What was the most embarrassing thing that happened to you while you were there?
When I picture Calgary I picture like a very clean field with nice clean buildings around it. That's probably stupid. Tell me something TWISTED about it.
That's not far off. It's super clean and the city part is new and shiny and compact and then there is green stuff everywhere, for now. See?:
And also they have these nice things on the sidewalk grates so your heels don't get stuck in them:
But, okay, you want twisted? Everyone and everything in Calgary has a major guilt complex about the oil and natural gas industry.

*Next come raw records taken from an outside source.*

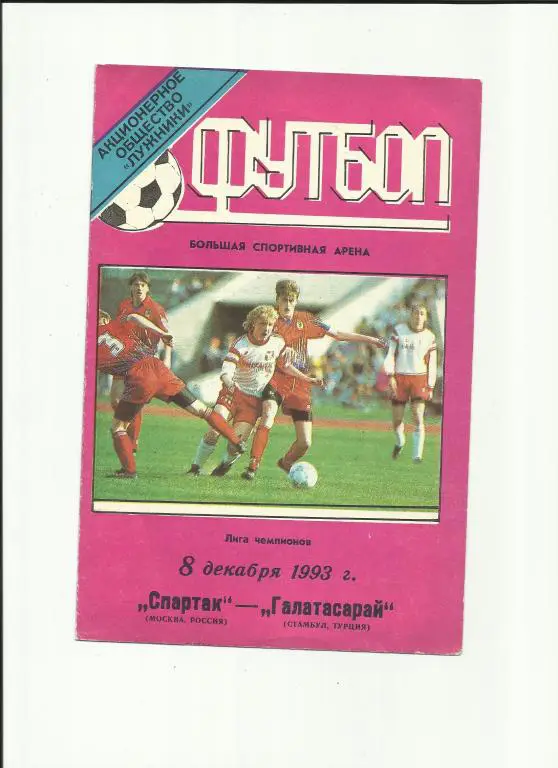 спартак - галатасарай - 1993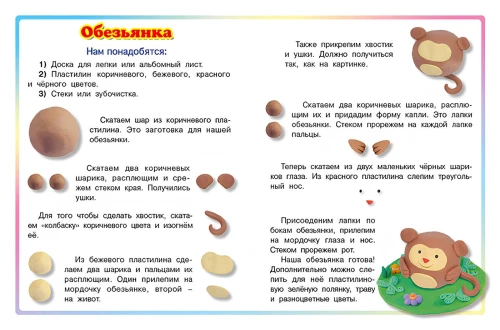 Kätzchen. Wir modellieren mit Knetmasse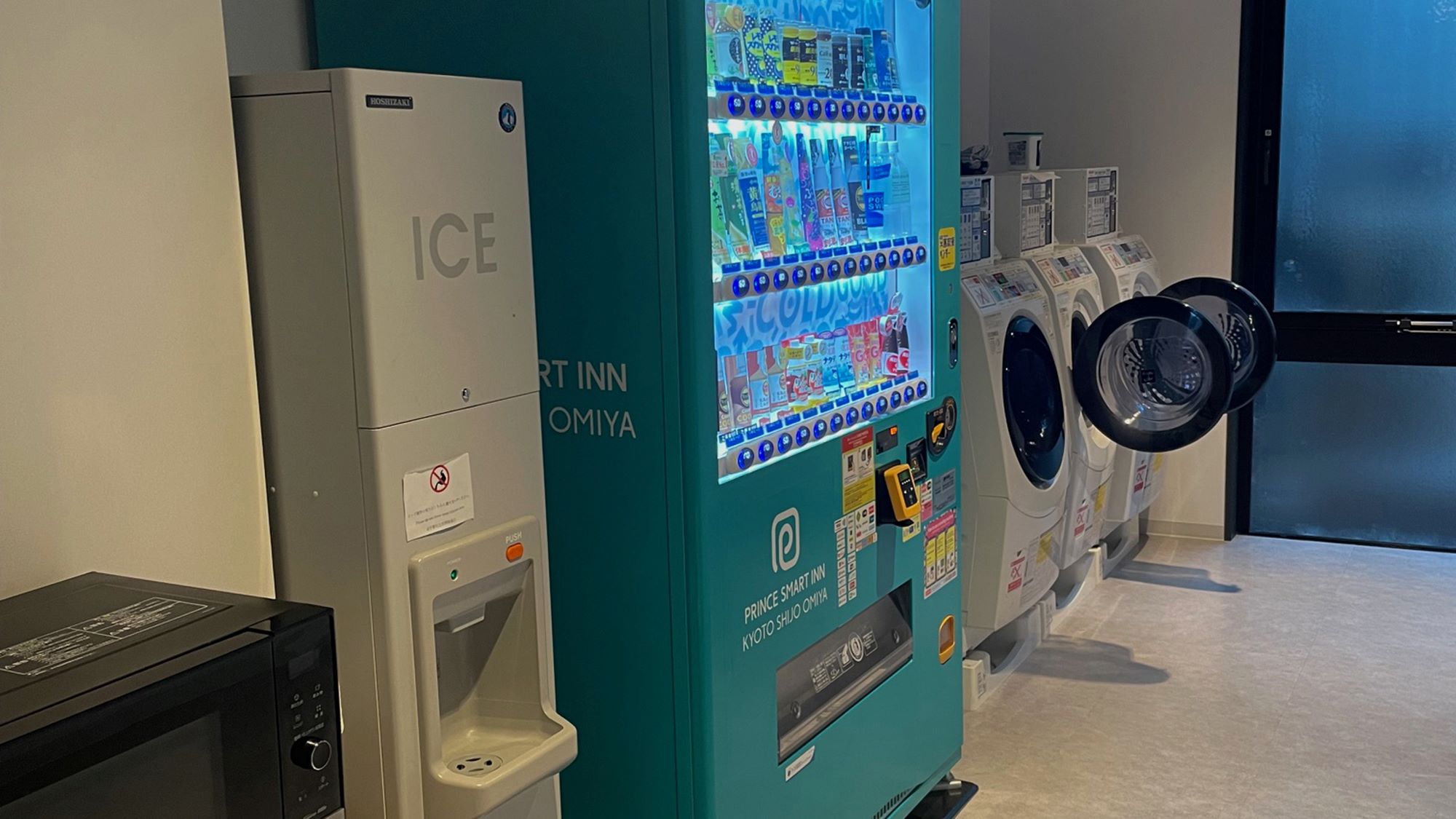 コインランドリー・電子レンジ・自動販売機・製氷機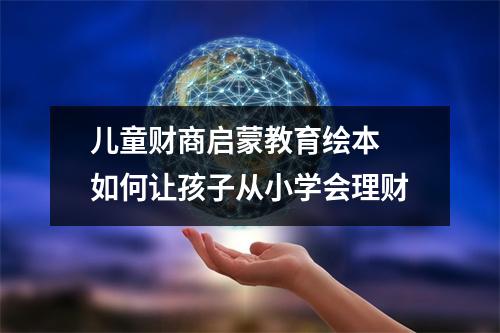 儿童财商启蒙教育绘本 如何让孩子从小学会理财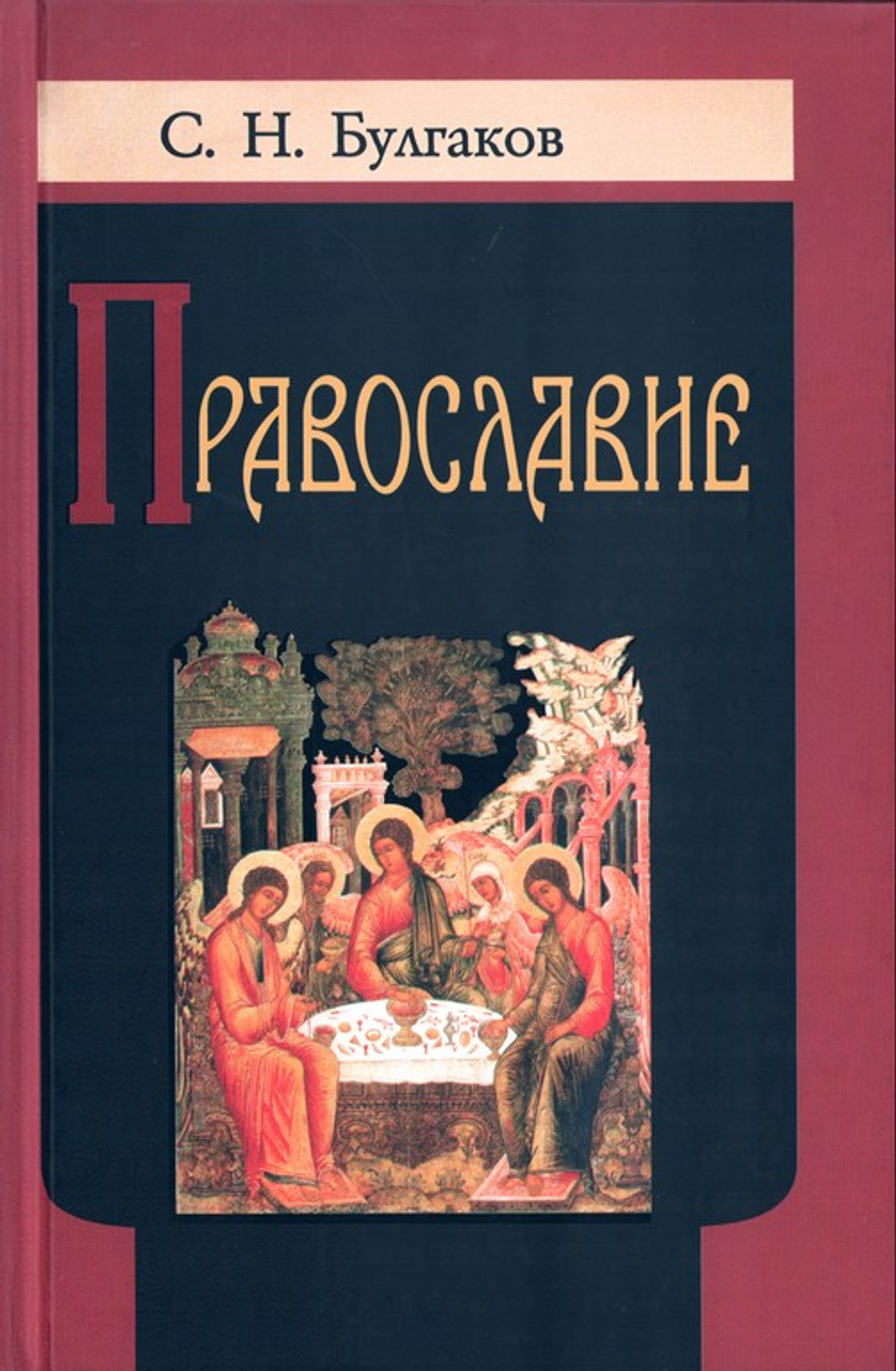 Православие. Очерки учения Православной Церкви. С. Н. Булгаков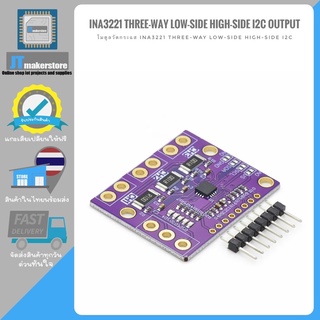 INA3221 Three low side high side I2C output current monitor โมดูลวัดกระแส INA3221 3ช่อง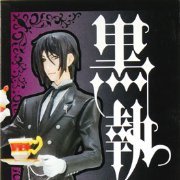 黑执事 Extra Figure Vol.1 塞巴斯蒂安・米卡利斯 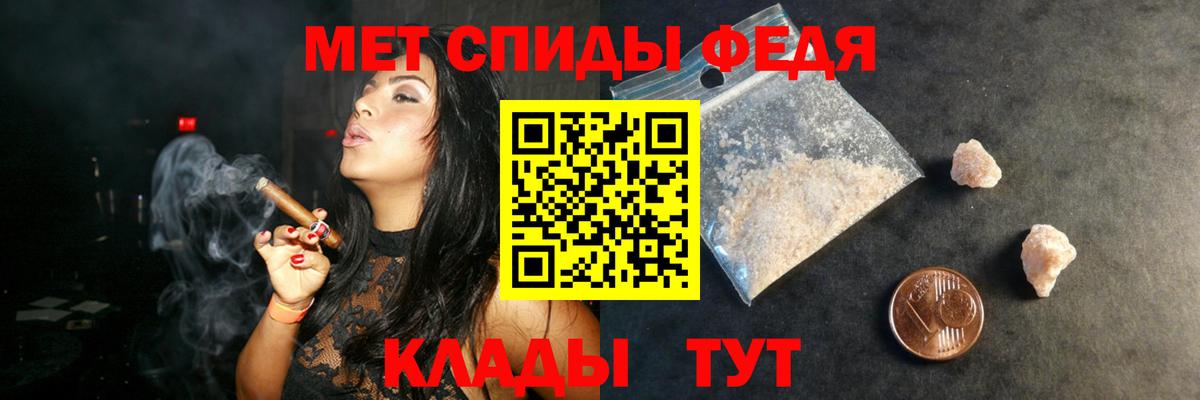 Amphetamine  Амфетамин 98%  Вход с VPN  Серов 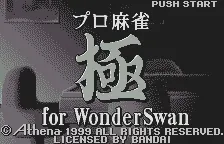 Pro Mahjong Kiwame for WonderSwan screenshot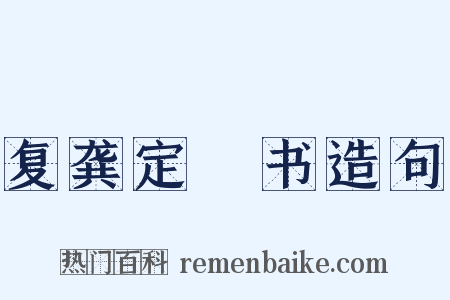 复龚定盦书造句是什么意思的图片
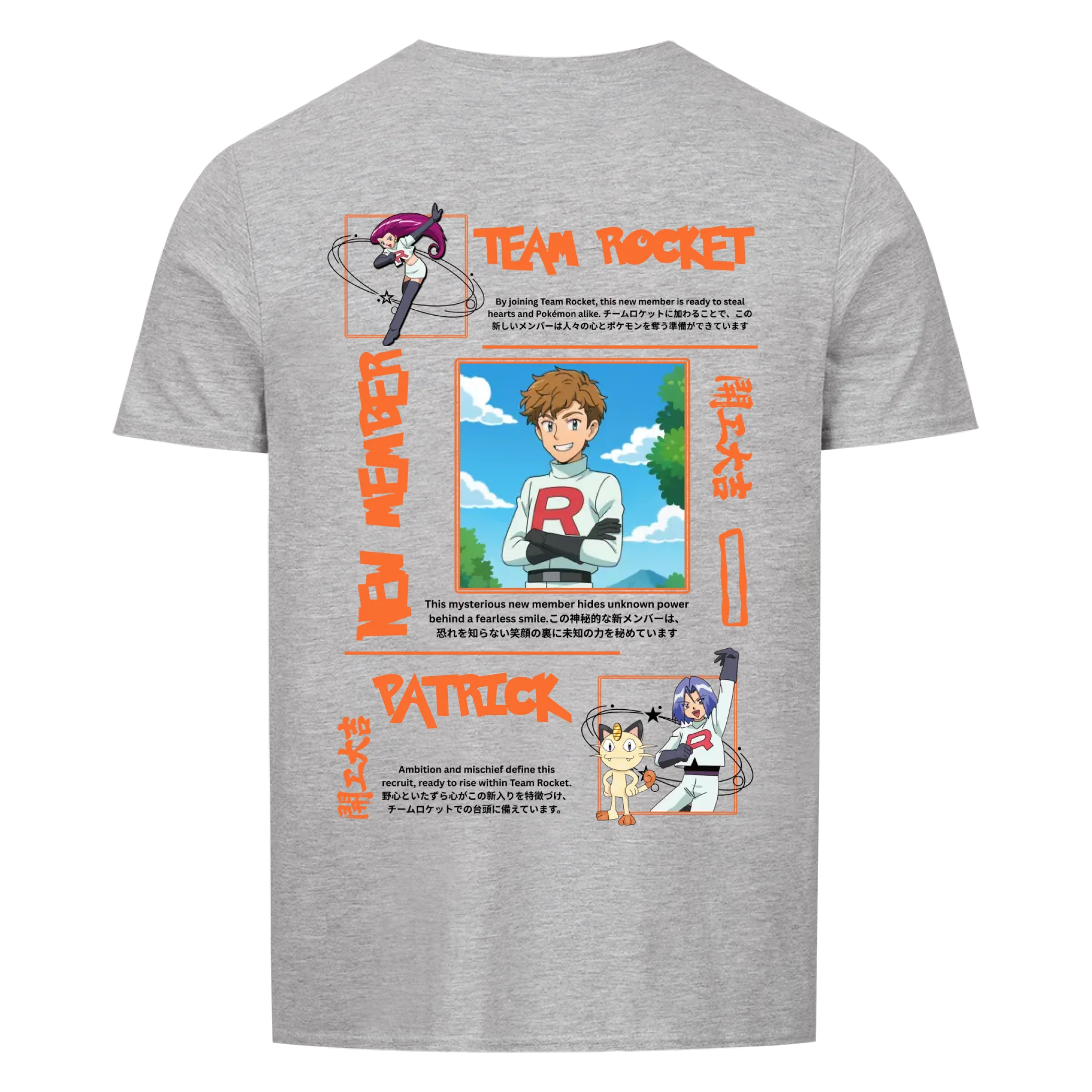 Team Rocket - Shirt (<tc>custom made</tc>)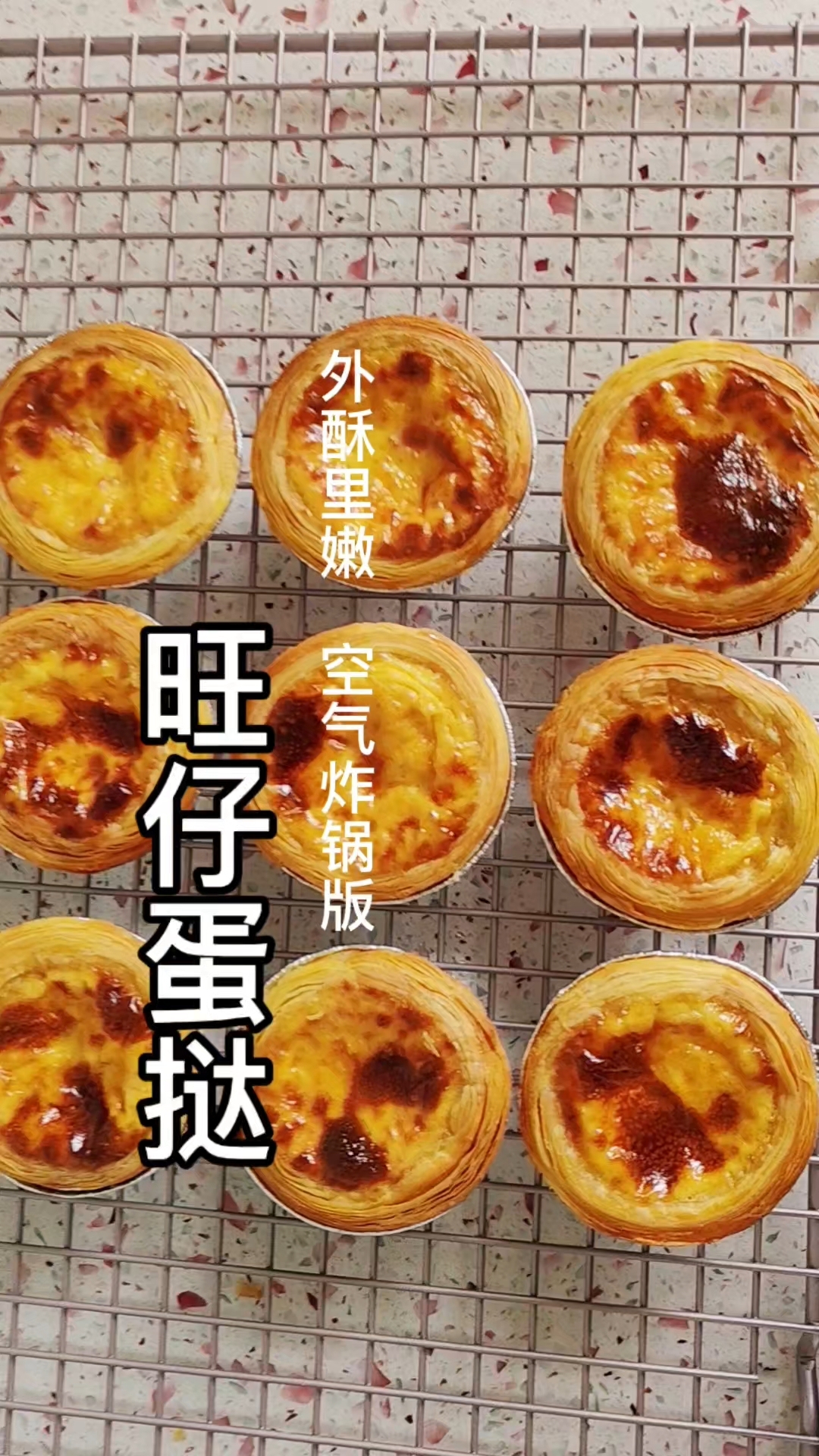 有简单又好吃的旺仔蛋挞,外酥里嫩,空气炸锅就可以做!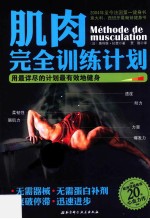 肌肉完全训练计划 用最详尽的计划最有效地健身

The money makes the city lovely and gives everyone jobs and houses — though those cost a ton — but it also just feels terrible to be a part of it, you know? Like to the Earth and humanity and whatever. So, for example, the Folk Festival accepts funds from these energy companies, but they do their best to make the festival super eco-friendly to offset it. There was no bottled water sold at the fest, just refilling stations. Some of the tents were solar-powered. There were trash and recycling and COMPOSTING bins. The neatest thing were the plates: you gave a $2 deposit for a real plate and then got your money back upon return.
So yeah, everyone was extra-proud of how eco-friendly and sustainable everything was and that was really nice. The closest I've seen here in the states is that "50 empty cups for a cup of beer" cleanup program they have at Lollapalooza. I'm not sure they still do that though because no one in the U.S. brags about that sort of thing for very long.
The best thing about Calgary is:
They have a huge Holt Renfrew and it is glorious.